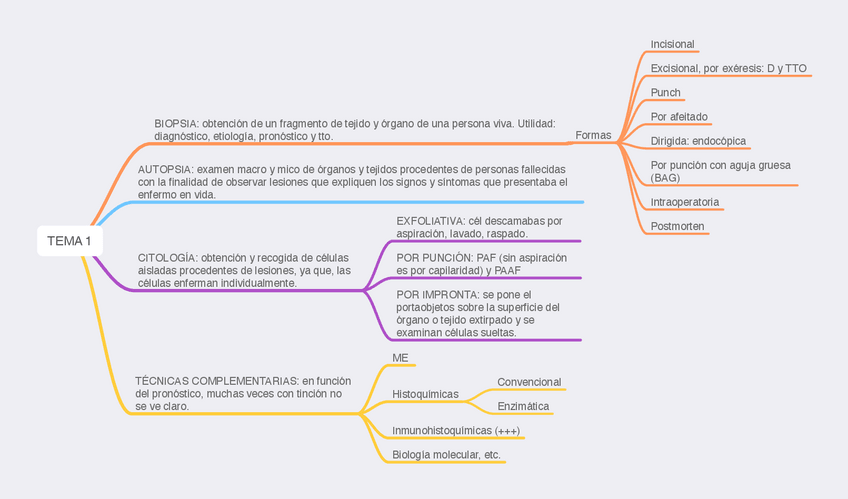 Miniatura del documento TEMA-1-AP.pdf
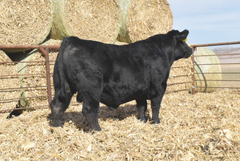 Lot 5: J5 Renovation 417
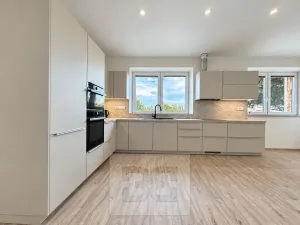 Pronájem rodinného domu, Dolní Dunajovice, Kostelní, 130 m2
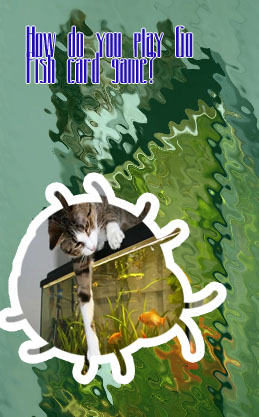 Playing goldfish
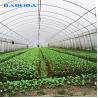 Buy cheap Tunnel Plastic Film Greenhouse / Vegetable Greenhouse Climate Control Economical from wholesalers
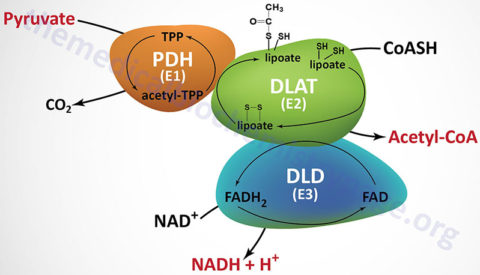 Pyruvate Dehydrogenase Complex Deficiencies The Medical Biochemistry Page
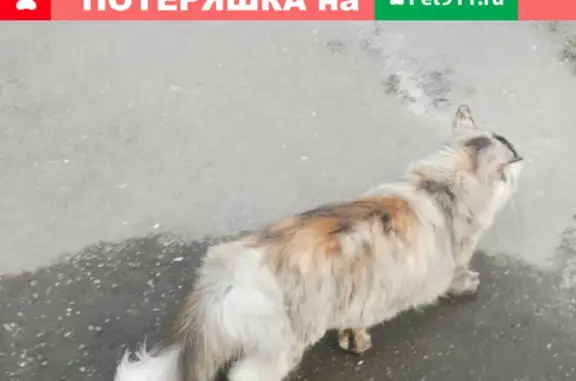 Найдена кошка около ТЦ Орбита, адрес: ул. Нижняя Дуброва 13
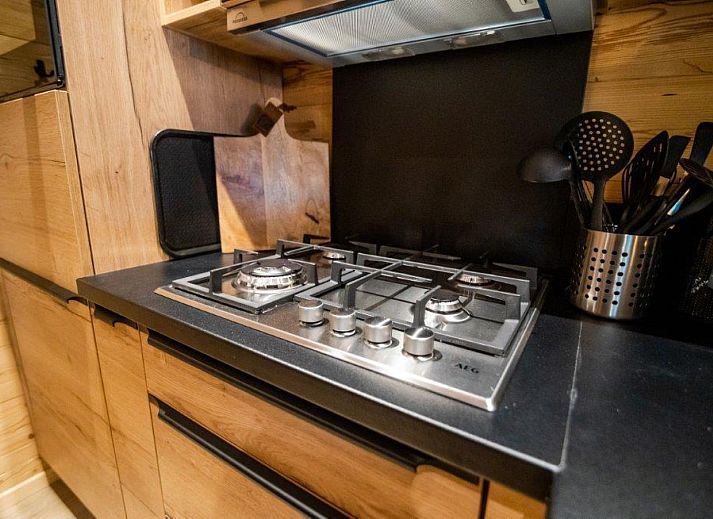 Unterkunft 522957 - Ferienhaus Twente - Terras Chalet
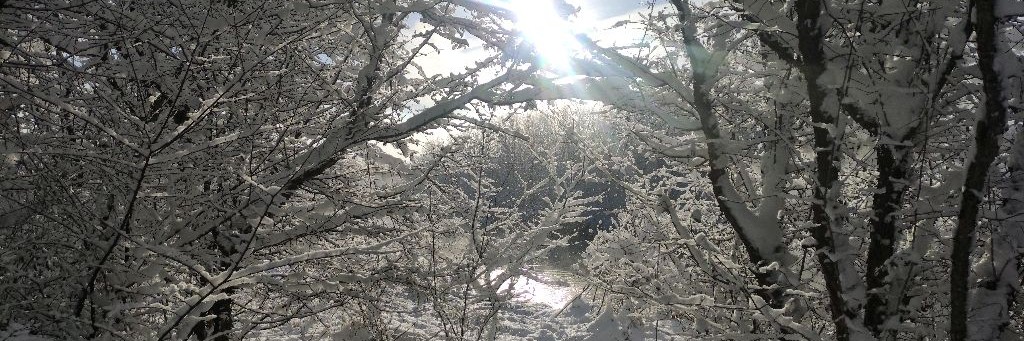 рыбак26рус Ribak26rus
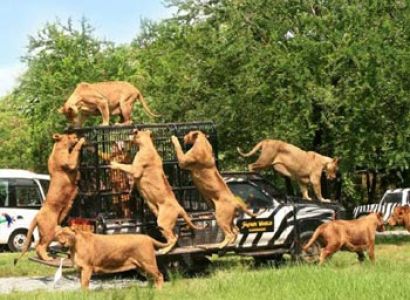 Simply Thailand Package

▶ **Exercise**: Excluding the pictures, output every entry above without alteration.

▶ **Response area**:
 Miniatura del documento TEMA-1-AP.pdf
 Lot 5: J5 Renovation 417
 Pronájem rodinného domu, Dolní Dunajovice, Kostelní, 130 m2
 Playing goldfish
 Buy cheap Tunnel Plastic Film Greenhouse / Vegetable Greenhouse Climate Control Economical from wholesalers
 Pyruvate Dehydrogenase Complex Deficiencies The Medical Biochemistry Page
 Найдена кошка около ТЦ Орбита, адрес: ул. Нижняя Дуброва 13
 Unterkunft 522957 - Ferienhaus Twente - Terras Chalet
 рыбак26рус Ribak26rus
 Simply Thailand Package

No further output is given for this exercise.